Là-bas, Trintignant travaille avec Umberto Lenzi, Giulio Questi ou Tinto Brass dans des gialli psychédéliques et érotiques ou encore Sergio Corbucci dans un des plus grands westerns spaghettis de cette époque. Il tente aussi chez nous plusieurs films noirs efficaces avec notamment le vigilante l’Agression de Gérard Pirès ou encore le sympathique Sans Mobile apparent de Philippe Labro.

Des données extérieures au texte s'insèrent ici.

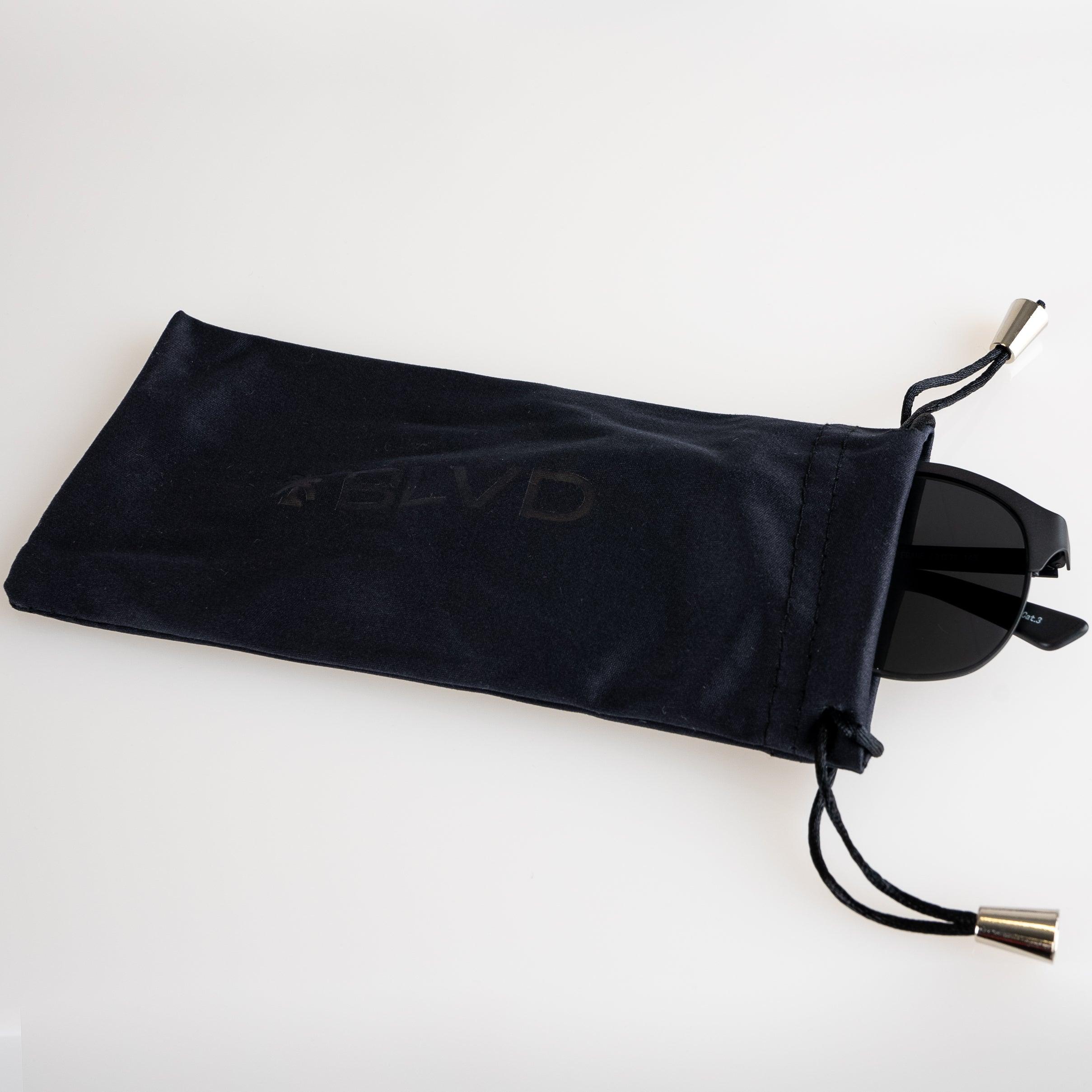 The Headliner - Black - blvdframes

Mais beaucoup de cinéphiles ignorent que Jean Louis Trintignant signa deux œuvres en tant que réalisateur. Deux films fous qui révèlent une nouvelle facette de son immense et inclassable talent. Une Journée bien remplie, réalisé en 1972, raconte la journée d’un homme étrange au volant de son side-car, accompagné de sa mère, parcourant les routes pour tuer des personnes selon un plan machiavélique.

Très baroque, ce petit bijou d’humour noir est quasiment muet et se présente comme une oeuvre étrange et cartoonesque. De Tati à Keaton, de Tex Avery à Chapeau Melon et Bottes de cuir, le film évolue dans un style unique à la fois très enfantin et âprement misanthrope. Il en résulte cette histoire de vengeance sans fin à la sauce italienne un peu foutraque où un homme décide de se lever contre les institutions et l’ordre établi. Pour cela, Jacques Dufilho interprète brillamment ce bourreau qui met en scène ses mises à mort de manière la plus surréaliste possible. Un film méchant et méchamment drôle…

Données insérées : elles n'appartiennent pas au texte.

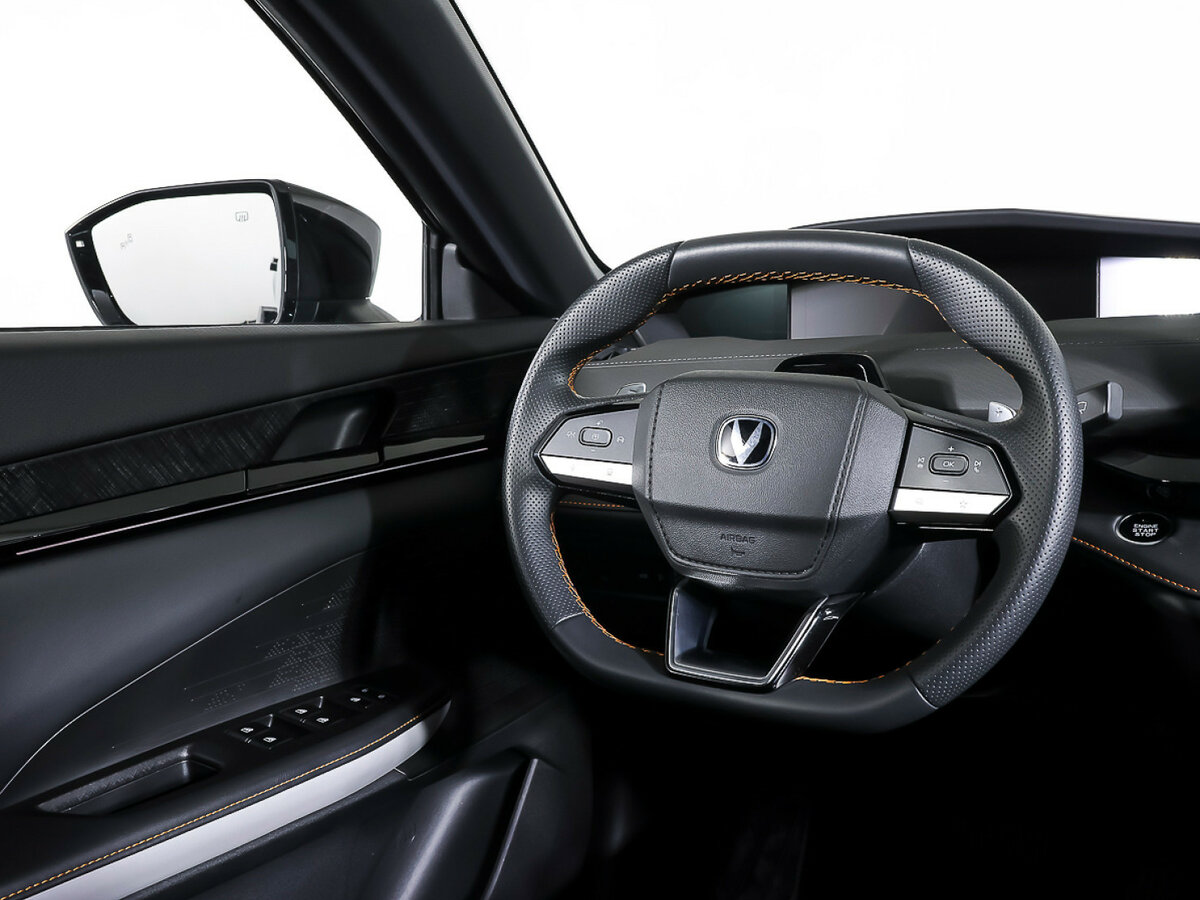 Changan UNI-V 2023 года с пробегом. Фото: #15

Il faudra attendre six ans pour que Trintignant retourne derrière la caméra pour Le Maître-nageur, un nouveau film inclassable et féroce où un chanteur raté, suivant les conseils de sa femme, postule pour devenir le maître-nageur d’un milliardaire excentrique. Ici, les personnages pervertis par l’argent et l’ennui écrasent le petit personnel dans un monde onirique concentré autour d’une piscine, où tout est possible. Encore une fois, les acteurs prennent un plaisir évident à donner vie à cette bande dessinée noire sur pellicule, avec un Guy Marchand baladé, le milliardaire Moustache et surtout Jean Claude Brialy, dans le rôle d’un majordome haut en couleur.

Même si les films peuvent sembler un peu décousus de prime abord, ils fascinent sans conteste et le spectateur suit avec plaisir ces errances dans des univers uniques et sans équivalent. Les amateurs de films ovnis se jetteront sur les deux réalisations de Jean Louis Trintignant, regrettant au passage que ce dernier n’ait pas continué par la suite dans cette voie.
Les deux films ouvrent la rubrique du Cinéma de Tonton, et deviennent les deux premiers titres de notre liste. Pour rappel, celle-ci comptera une centaine de titres au final.